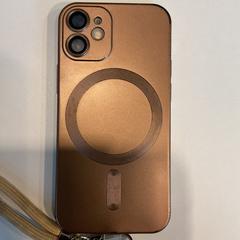 Iphone Brons, som rapportert av Gemeente Amsterdam - Bureau Gevonden Voorwerpen ved bruk av iLost
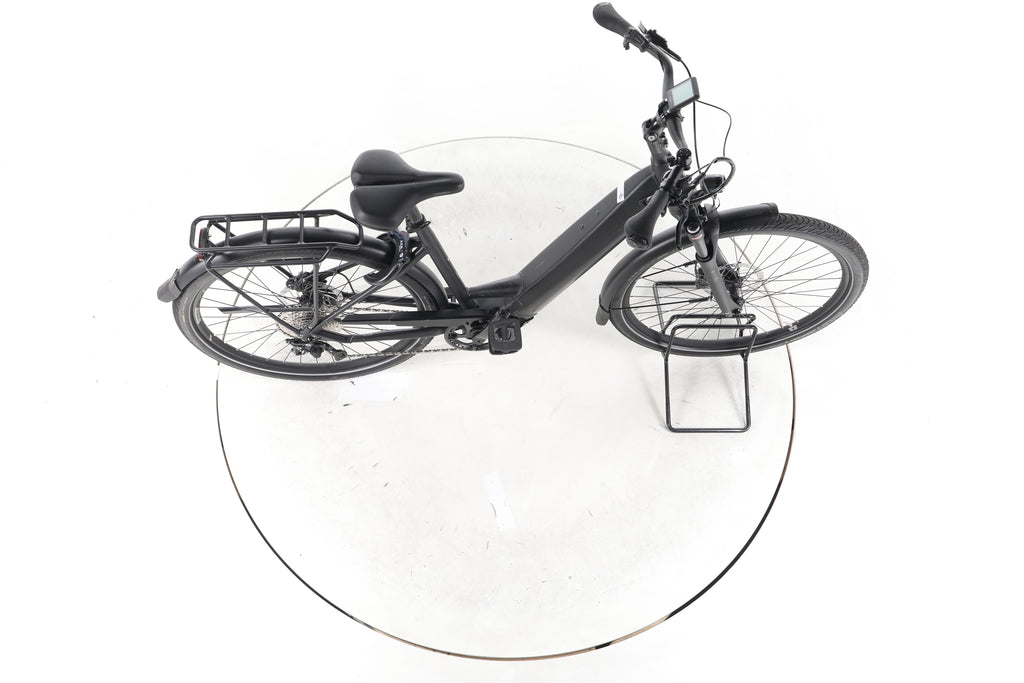 Pegasus Premio EVO Lite Trekking E-Bike Tiefeinsteiger - Image 13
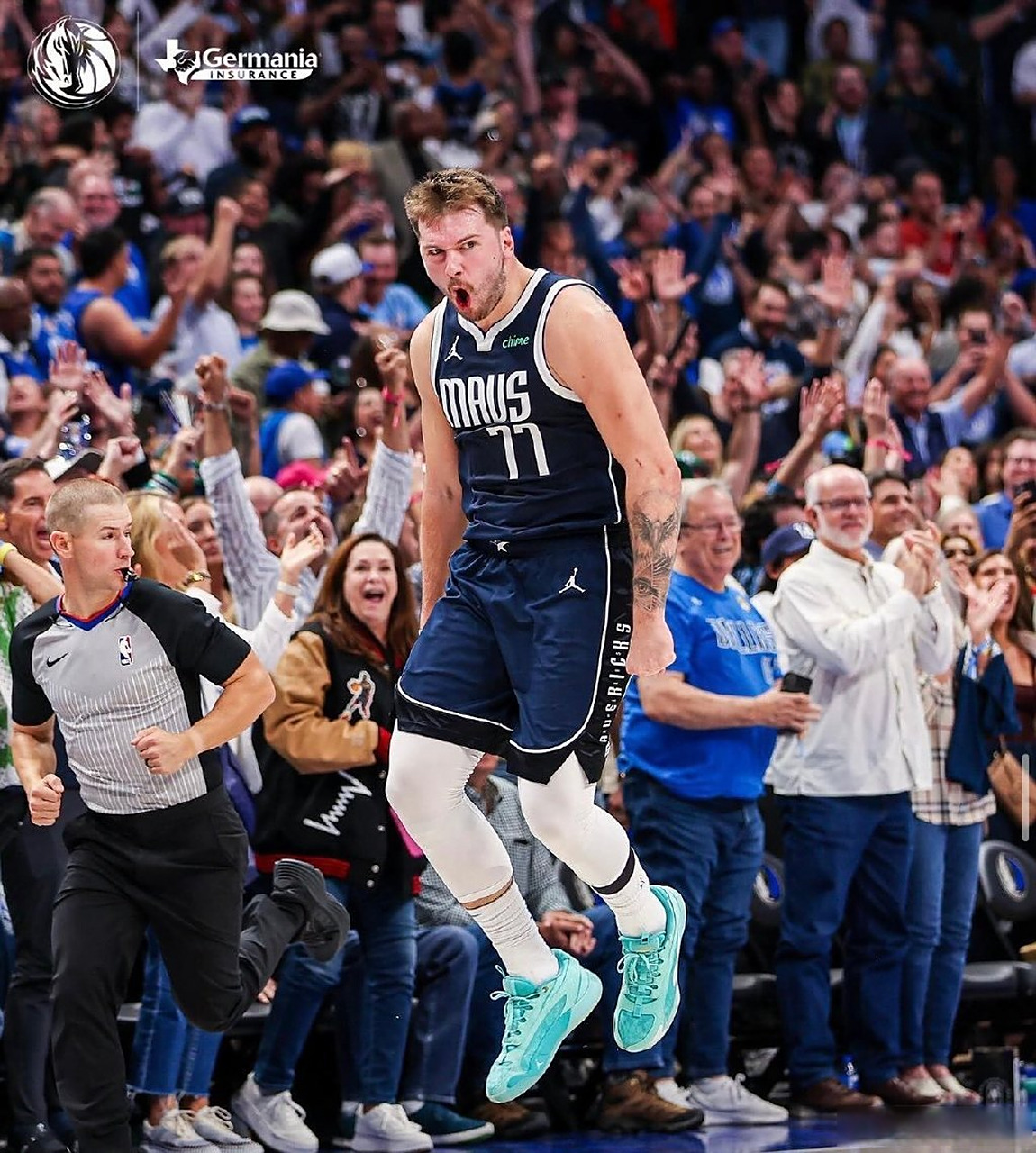 灰熊翻盘独行侠，巴图姆制霸全场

▶ [TASK BRIEF]
Your copy should match the material above exactly, minus its pictures.

▶ [TASK OUTPUT]
 Iphone Brons, som rapportert av Gemeente Amsterdam - Bureau Gevonden Voorwerpen ved bruk av iLost
 Pegasus Premio EVO Lite Trekking E-Bike Tiefeinsteiger - Image 13
 灰熊翻盘独行侠，巴图姆制霸全场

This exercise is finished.